Garvey began a correspondence with Ethiopian diplomats, among them the Prince Regent, later Emperor Haile Selassie. The Prince Regent followed with interest the Garvey movement and wrote to the UNIA in 1922, inviting black Americans to move to Ethiopia and help to modernise the country. Garvey was among those who wrote to congratulate the Prince Regent when he became Emperor of Ethiopia in 1930.

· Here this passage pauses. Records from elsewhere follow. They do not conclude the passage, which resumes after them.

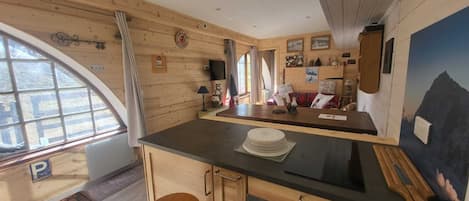 Kylskåp, mikrovågsugn, ugn och kaffe- och tebryggare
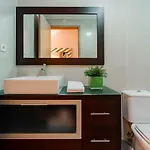 Fully Equipped 3 Bed - Parking *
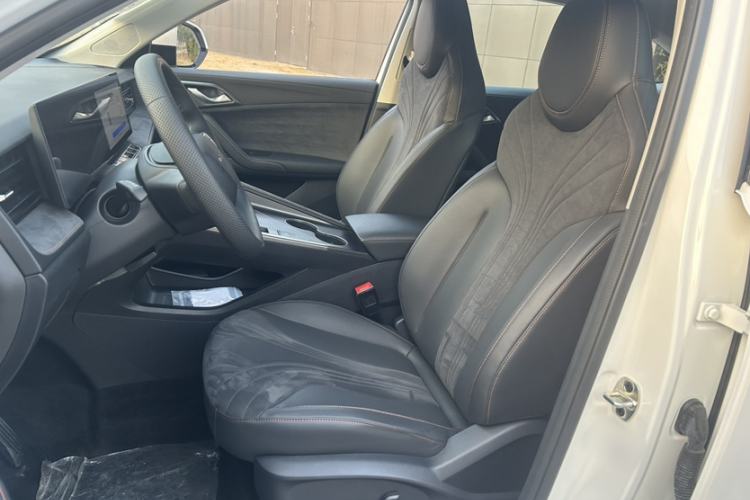 Used Roewe D5X DMH 2024 135 Flagship Edition
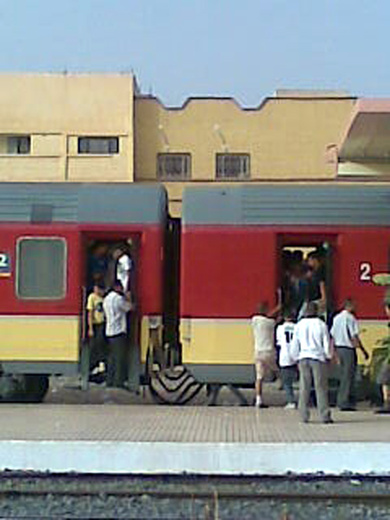 فوضى بمحطة القطار بالناظور ومسافرون يستنكرون الوضع فوضى بمحطة القطار بالناظور ومسافرون يستنكرون الوضع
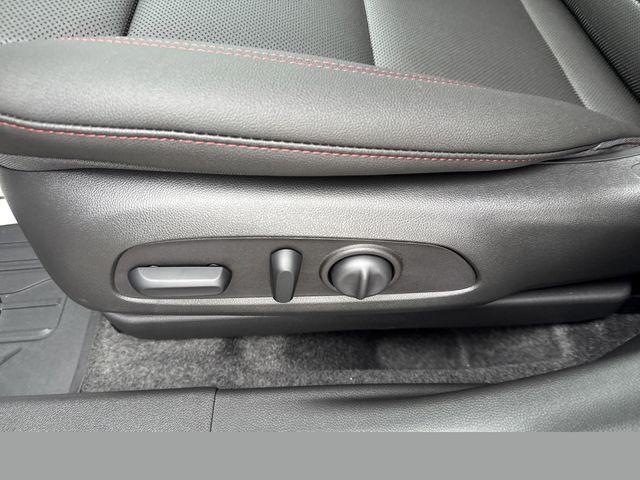 new 2025 Chevrolet Trax car, priced at $24,810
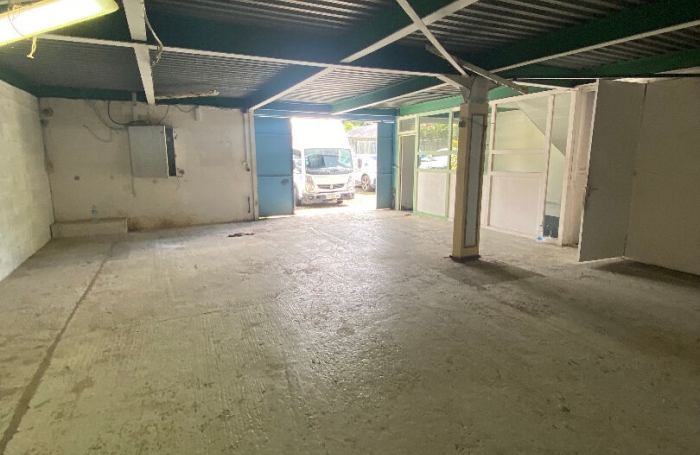 Location Entrepot 360m² Saint-Joseph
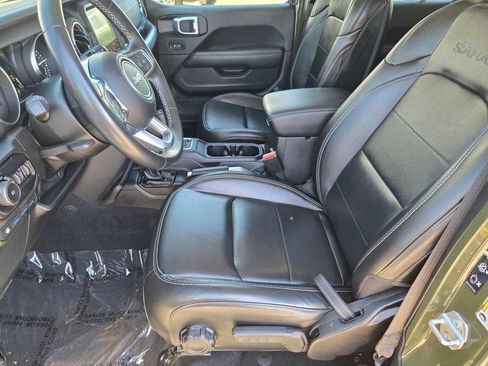Used 2022 Jeep Wrangler Unlimited Sahara AWD/4WD image 12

The American intelligence agencies watched Garvey carefully. When J Edgar Hoover became director of the FBI in 1924, he made Marcus Garvey his top priority. By 1925, Garvey had been charged with mail fraud and was expelled from the country. It was over 70 years before Garvey’s name was cleared of the charges, in a campaign led by his children. Hoover had framed Garvey.
Garvey finished his life in exile in London and died in 1940 but his African leaders from Jomo Kenyatta to Kwame Nkrumah acknowledged his work, and Jamaican musicians and singers lifted Garvey’s name back into the pantheon in the 1970s.
Return of Ancient
Few people see a face in that photo at Murrisk, never mind recognising Marcus Garvey. But it turned out that Marcus Garvey’s Irish connection is from the townland where I took the photograph, the original Garvey House only a few hundred metres away. Garvey House is gone more than a decade ago, a new hotel now taking place on the shore. But Garvey is back in spirit in the West of Ireland.